Mike Kemp (born December 13, 1952) is an American athletic director and former ice hockey head coach for the men's program at Omaha. After having been an associate athletic director at Omaha since 2009, he was named interim athletic director on July 16, 2021, following the departure of former AD Trev Alberts for the same position at the latter's alma mater of Nebraska.

Career
Mike Kemp began his coaching career with Division III Gustavus Adolphus, his alma mater, in 1976. After five seasons with the Golden Gusties he moved on to Wisconsin as an assistant for one season. After a year-long stint with Illinois-Chicago he returned to Madison and remained with the program for thirteen years, helping the Badgers to a national title in 1990.

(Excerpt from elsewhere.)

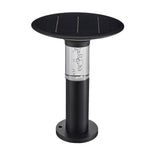Solar Path Lights with Innovative Round Top Disk Down Lighting and Bubble Design - Lamp Outdoor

In the summer of 1996 Nebraska–Omaha, who had announced the intention of sponsoring a Division I program beginning in 1997–98, hired Kemp as the team's first head coach. The Mavericks got started as an Independent and after two foreseeably poor seasons they were accepted into the CCHA in 1999. Two years into their conference experience, Kemp got the Mavericks to post their first winning season, going 24–15–3, earning a final ranking as the #13 team in the country and just narrowly missing the NCAA tournament.

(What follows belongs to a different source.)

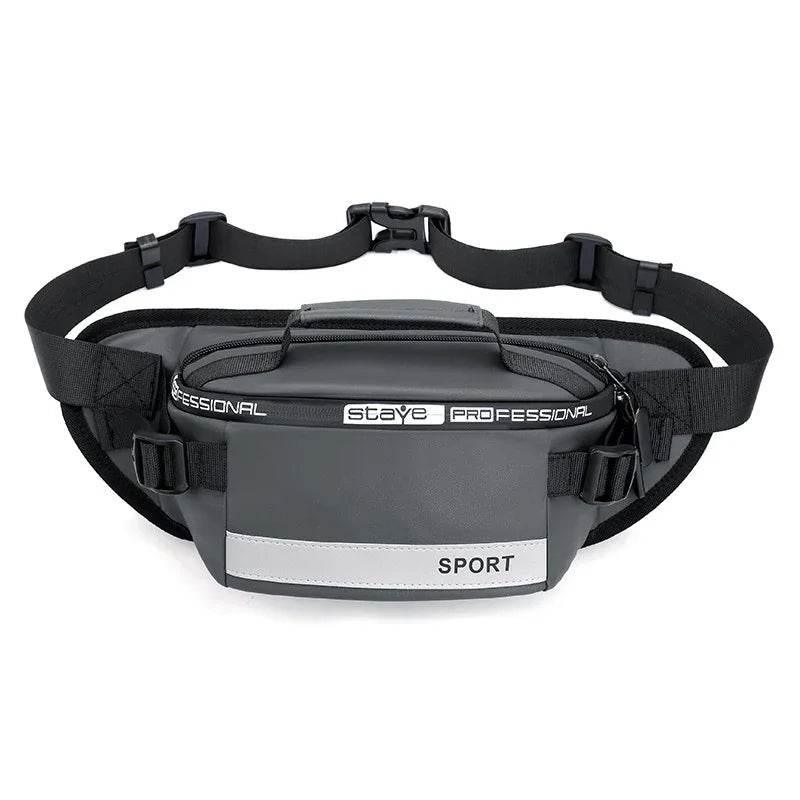Reflective Waist Bag for Men – Cool Style Crossbody Pack for Travel, Running & Cycling - ZA-Zola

After another 20+ win season the Mavericks went into the tank for a pair of years before Kemp was able to pull them out of it and get the team to hover around the .500 mark for five seasons. Kemp got the Mavericks their first berth in the tournament in 2006 with his third 20+ win season but unfortunately wasn't able to push them past #1 seed Boston University. The following offseason Kemp was offered the position of Athletic Director with the university but turned it down when he determined that he couldn't be both head coach and AD at the same time. Two years later Kemp stepped down as head coach to accept a position as associate AD, clearing the way for 2-time national champion Dean Blais to take over the program.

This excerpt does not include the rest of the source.